Nik Ripken listened to Pastor Dmitri tell his story in 1994, almost three years after the Soviet Union collapsed. As an International Mission Board (IMB) missionary, Ripken and his wife, Ruth, were visiting 72 countries to interview more than 600 believers who had suffered persecution for their faith in Jesus. Dmitri’s story lies at the heart of Ripken’s best-selling book, “The Insanity of God” (B&H Books, 2013).

That book now has been turned into a LifeWay Films documentary movie showing nationwide Aug. 30 in a one-night event at select theaters. The evening will feature a Q&A time with the Ripkens and IMB President David Platt, as well as an exclusive performance of the movie soundtrack feature “Dimitri’s Song” by recording artist Todd Smith.

The Ripkens’ early life as missionaries was upended when their son died in Kenya. His tragic death filled their hearts with a compelling question: Is Jesus worth it? Pursuing an answer sent them on a journey into the depths of the persecuted church.

“How does faith survive, let alone flourish in the places of the world that are overcome with the darkness of sin, despair and hopelessness?” Ripken asks. “We were taught by believers in persecution how to follow Jesus, how to love Jesus, and how to walk with Him day by day, even when it doesn’t make sense.”

The consequences of following Jesus

The title, “Insanity of God,” arises out of a conundrum: What kind of God allows his son to be killed, not knowing if sinful humanity would return to him? What kind of father can rescue his son from death but choose not to do it because of his love for the world he created?

“Well, that kind of God is insane,” Ripken says.

‘Insane’ also is how people describe the Ripkens’ pilgrimage through war zones and into hostile countries to hear firsthand the stories of Christians who had endured persecution for their faith.

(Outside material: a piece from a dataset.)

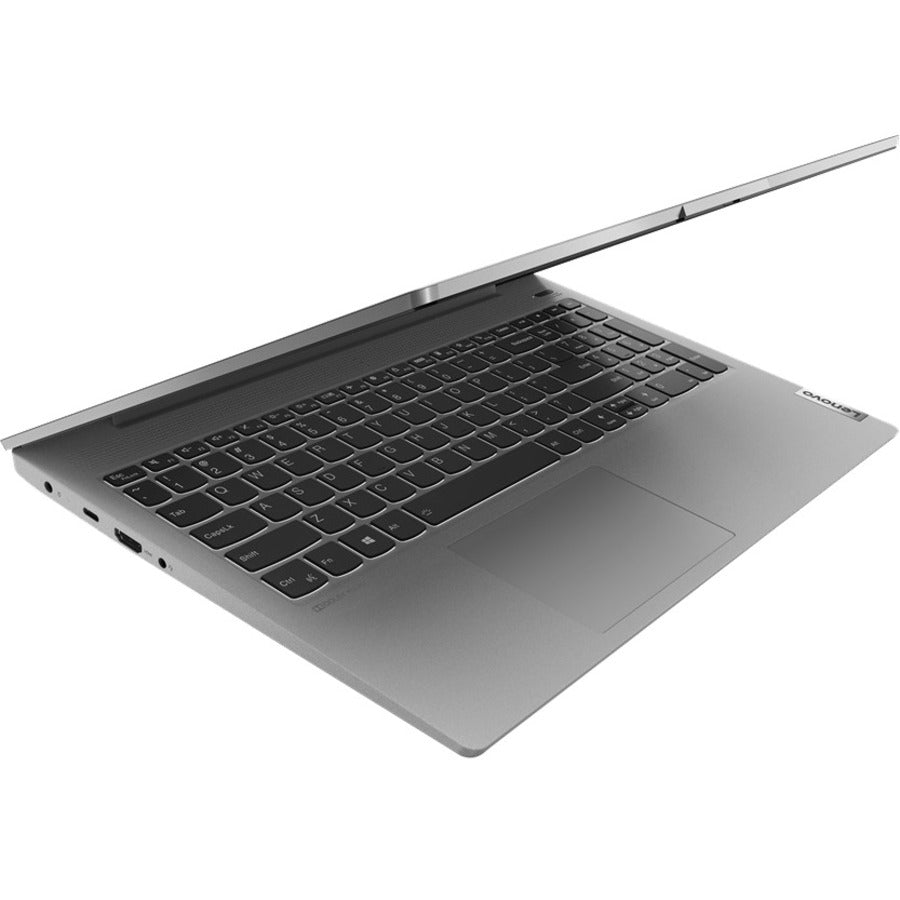 Lenovo-Imsourcing Ideapad 5 15Are05 81Yq0006Us 15.6" Touchscreen Notebook - Full Hd - 1920 X 1080 - Amd Ryzen 7 4700U Octa-Core (8 Core) 2 Ghz - 8 Gb Total Ram - 512 Gb Ssd - Platinum Gray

Ripken’s journey began in 1992, when he began a humanitarian mission into Somaliland, where the Somali National Movement had just declared independence following the collapse of the national government. He was astonished by the depravity and chaos – constant shootings, children and old people dying of hunger, practically every woman had been raped multiple times.

“What I saw then was a mirror of what ISIS is doing today,” Ripken says. “I saw the utter depravity of humankind. I saw what happens when Satan is unmasked, and he doesn’t have to hide behind materialism or democracy or Islam or Buddhism.”

Sharing the light of Jesus in such a dark place wasn’t nearly as hard as explaining the consequences of following Jesus.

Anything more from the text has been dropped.